Still, a respectful and absorbing page-turner.

Hannah’s new novel is an homage to the extraordinary courage and endurance of Frenchwomen during World War II.

In 1995, an elderly unnamed widow is moving into an Oregon nursing home on the urging of her controlling son, Julien, a surgeon. This trajectory is interrupted when she receives an invitation to return to France to attend a ceremony honoring passeurs: people who aided the escape of others during the war. Cut to spring, 1940: Viann has said goodbye to husband Antoine, who's off to hold the Maginot line against invading Germans. She returns to tending her small farm, Le Jardin, in the Loire Valley, teaching at the local school and coping with daughter Sophie’s adolescent rebellion.
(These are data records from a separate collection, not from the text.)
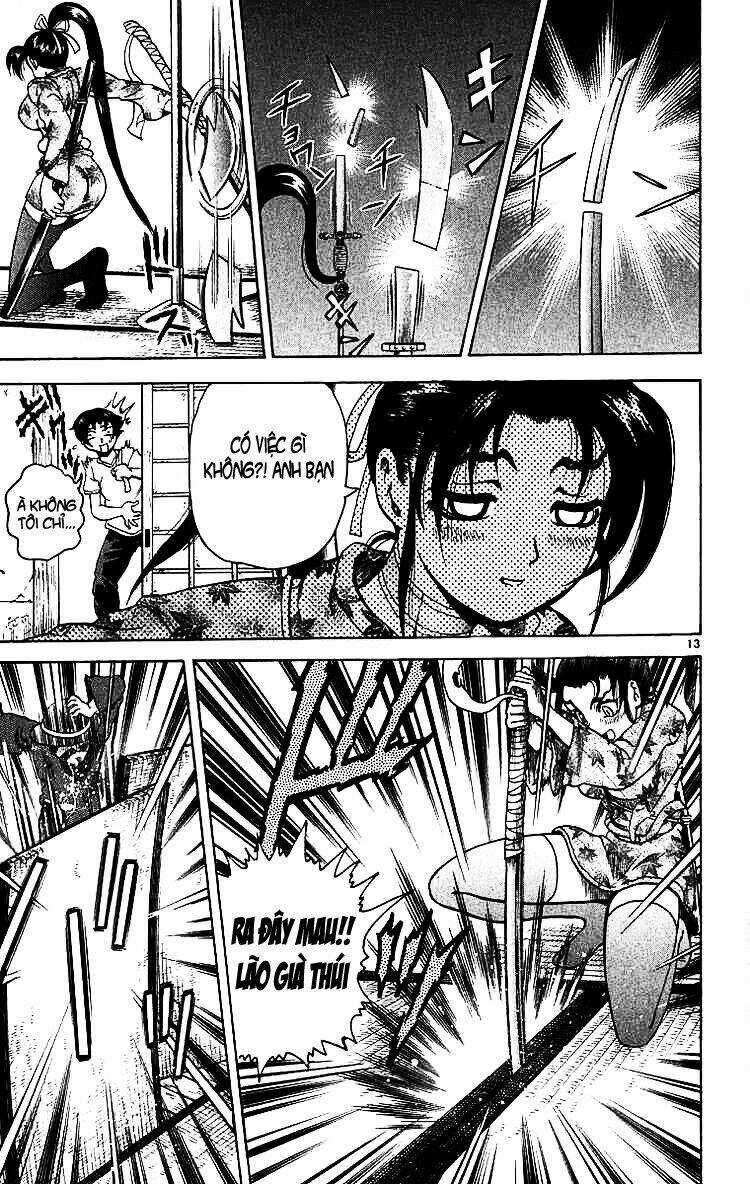 History’s Strongest Disciple Kenichi Chapter 7 trang 12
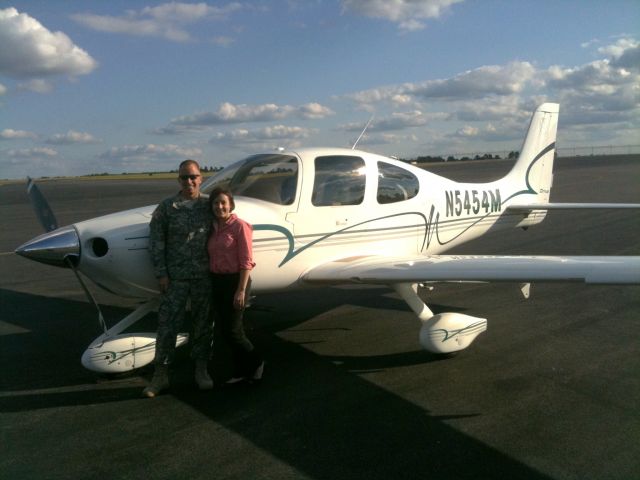 Cirrus SR-20 (N5454M)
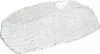 St Tropez Servierplatte Glas rechteckig 25,5x17cm Struktur Produktbild-Vorschau 1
Soon, that world is upended: The Germans march into Paris and refugees flee south, overrunning Viann’s land. Her long-estranged younger sister, Isabelle, who has been kicked out of multiple convent schools, is sent to Le Jardin by Julien, their father in Paris, a drunken, decidedly unpaternal Great War veteran. As the depredations increase in the occupied zone—food rationing, systematic looting, and the billeting of a German officer, Capt. Beck, at Le Jardin—Isabelle’s outspokenness is a liability. She joins the Resistance, volunteering for dangerous duty: shepherding downed Allied airmen across the Pyrenees to Spain. Code-named the Nightingale, Isabelle will rescue many before she's captured. Meanwhile, Viann’s journey from passive to active resistance is less dramatic but no less wrenching. Hannah vividly demonstrates how the Nazis, through starvation, intimidation and barbarity both casual and calculated, demoralized the French, engineering a community collapse that enabled the deportations and deaths of more than 70,000 Jews. Hannah’s proven storytelling skills are ideally suited to depicting such cataclysmic events, but her tendency to sentimentalize undermines the gravitas of this tale.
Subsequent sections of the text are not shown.